Work request
Which lines in the listing below contain "with"? Copy each of them.

Material for the task
:::
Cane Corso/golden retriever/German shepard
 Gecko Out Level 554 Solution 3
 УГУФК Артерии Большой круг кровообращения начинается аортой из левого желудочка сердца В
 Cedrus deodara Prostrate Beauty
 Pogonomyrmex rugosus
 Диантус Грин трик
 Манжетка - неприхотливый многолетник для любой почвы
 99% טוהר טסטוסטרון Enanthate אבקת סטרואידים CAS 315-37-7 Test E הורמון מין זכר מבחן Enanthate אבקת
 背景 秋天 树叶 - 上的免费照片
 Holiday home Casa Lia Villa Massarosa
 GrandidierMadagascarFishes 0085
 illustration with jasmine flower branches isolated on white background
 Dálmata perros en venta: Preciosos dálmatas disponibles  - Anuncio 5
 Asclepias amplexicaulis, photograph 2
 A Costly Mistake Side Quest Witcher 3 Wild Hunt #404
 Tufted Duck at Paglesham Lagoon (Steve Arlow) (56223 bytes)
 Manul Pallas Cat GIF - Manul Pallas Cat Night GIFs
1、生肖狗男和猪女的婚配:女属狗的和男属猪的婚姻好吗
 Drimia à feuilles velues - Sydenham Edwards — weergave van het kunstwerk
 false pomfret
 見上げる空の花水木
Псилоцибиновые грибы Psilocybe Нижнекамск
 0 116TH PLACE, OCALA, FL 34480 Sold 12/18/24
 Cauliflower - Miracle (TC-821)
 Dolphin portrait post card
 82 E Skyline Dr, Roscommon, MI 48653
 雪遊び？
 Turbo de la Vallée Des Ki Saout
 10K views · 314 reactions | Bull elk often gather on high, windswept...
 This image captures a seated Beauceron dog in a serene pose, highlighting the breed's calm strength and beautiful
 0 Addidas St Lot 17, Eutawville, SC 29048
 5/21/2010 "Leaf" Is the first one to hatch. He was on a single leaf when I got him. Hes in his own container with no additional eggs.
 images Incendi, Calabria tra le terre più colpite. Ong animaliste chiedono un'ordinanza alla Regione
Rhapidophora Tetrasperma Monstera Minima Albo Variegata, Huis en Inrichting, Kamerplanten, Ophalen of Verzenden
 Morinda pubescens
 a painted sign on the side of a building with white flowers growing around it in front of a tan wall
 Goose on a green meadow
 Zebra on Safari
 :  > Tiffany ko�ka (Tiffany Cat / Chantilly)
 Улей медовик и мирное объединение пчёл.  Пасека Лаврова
:::
Exercise result
 illustration with jasmine flower branches isolated on white background
 5/21/2010 "Leaf" Is the first one to hatch. He was on a single leaf when I got him. Hes in his own container with no additional eggs.
 a painted sign on the side of a building with white flowers growing around it in front of a tan wall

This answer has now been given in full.